Maybe it's the fading light, or the rain streaking the windows that face New York harbor, but Michelle Williams hardly resembles the delicate waif evoked by directors, paparazzi, and my predecessors in profiling. Thirty-six years old, two decades into an ever-expanding career, eight years past a public family tragedy, and probably on the cusp of her fourth Oscar nomination, she still has those apple cheeks and that broad, tight smile. But her face is lean, her hair a jagged bleached bob, her laugh a little brassy. Her gaze is more direct than demure, except when she clamps her eyes shut to craft an answer more careful than the one she'd rather give (or ends up giving anyway).

We were supposed to do something fun out here in Red Hook, an arty, isolated knuckle of Brooklyn where she and her 11-year-old daughter, Matilda, have lived for four years. Instead, we're sheltering in the patio café of a bustling Brooklyn grocery store. Sparrows dart between us, triggering contagious chuckles. "Who let those birds in here?" she asks. "Very hygienic."

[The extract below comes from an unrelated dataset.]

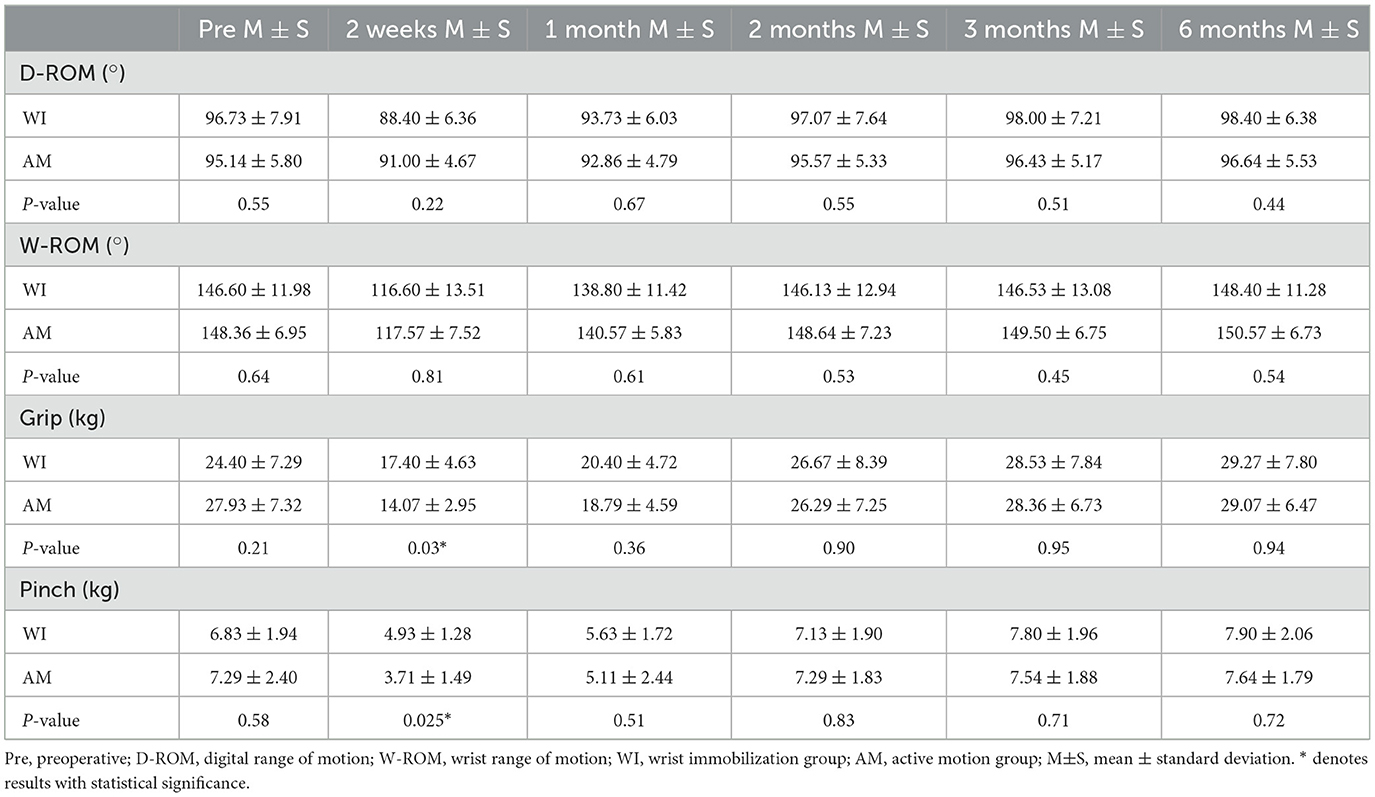 Frontiers | The significance of wrist immobilization for endoscopic ...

When Williams is filming in and around New York, she calls it "working from home," but in this case she really is. She lives directly upstairs, in a two-bedroom apartment carved out of a converted warehouse. That's her Volvo station wagon in the parking lot.

After two magnetic Broadway runs—playing Cabaret's Sally Bowles in 2014 and earning a Tony nomination for Blackbird last year—and work for Louis Vuitton that put her casually luminous style on bold display, Williams has returned to the screen this season in two powerful performances. She plays a faux-hipster Montana mother in Kelly Reichardt's Certain Women, and her devastating turn in Kenneth Lonergan's Manchester by the Sea was tipped for an Oscar a full year ago. Consider them two very different snapshots of an ongoing transformation: from celebrated indie ingenue to muscular, chameleonic movie star in the mold of Cate Blanchett.

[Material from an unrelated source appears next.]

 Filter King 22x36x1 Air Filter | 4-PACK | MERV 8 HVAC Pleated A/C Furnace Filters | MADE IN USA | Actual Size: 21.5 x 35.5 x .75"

"She's clearly interested in acting and not just in being a movie star," Lonergan says. "You can tell the difference pretty easily when you have an actor who embraces a variety of different parts and is not just interested in being pretty. There's just a certain depth." Louis Vuitton creative director Nicolas Ghesquière sees it in everything she does: "She has both the incredible curiosity and open-mindedness that an artist always wishes to keep from childhood," tempered with the "strength that only life, experience, and uncompromising integrity can teach you." Those are the ingredients of her soaring career: two decades' worth of roles chosen on unflagging instinct, which she can't help fleshing out with the hard-won lessons—and sometimes the scars—of a life fully lived.

Their Boerum Hill town house may have had six bedrooms and a three-car garage, but they still pushed their Maclaren to a diner for breakfast and shopped at Trader Joe's.

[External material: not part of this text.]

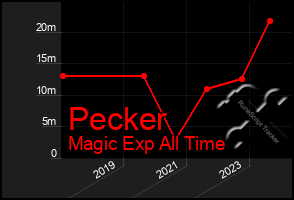 Total Graph of Pecker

After six years on Dawson's Creek, which ended in 2003, she fled teen TV for small films and smaller plays, then found unexpected fame—and real-life love—on the set of Ang Lee's hauntingly beautiful Oscar winner Brokeback Mountain in 2005. For a couple of halcyon years, she and Brokeback costar Heath Ledger (both of whom earned Oscar nominations for the film) and Matilda were a celebrity family of a very specific kind. They found pleasure in the open normalcy of Brooklyn's upscale bohemia. Their Boerum Hill town house may have had six bedrooms and a three-car garage, but they still pushed their Maclaren to a diner for breakfast, shopped at Trader Joe's, and took the G train to Williamsburg, having mastered the art of the playdate.

Then it all ended, famously, in a 2007 breakup and, five months later, Ledger's death from a prescription-drug overdose in January 2008, followed by a paparazzi barrage that nearly chased Williams out of Brooklyn for good. "We were trying to deal with grief, and that can't be dealt with publicly," she says. She thought about quitting acting, "but what I wanted to quit was attention." Ultimately, she dug herself out by playing, of all things, a tabloid-hounded celebrity, Marilyn Monroe, in 2011's well-received My Week With Marilyn, for which she was Oscar nominated and which also gave moviegoers their first real glimpse of Eddie Redmayne (as her lovesick paramour). "That lit a match," she says, "and put me on the road that I'm on now—exploring physicality and space rather than a character in this little box." In other words, inhabiting Monroe's alien body—for which she wore padding and strapped her knees together to get the wobble down—allowed her to escape her own head.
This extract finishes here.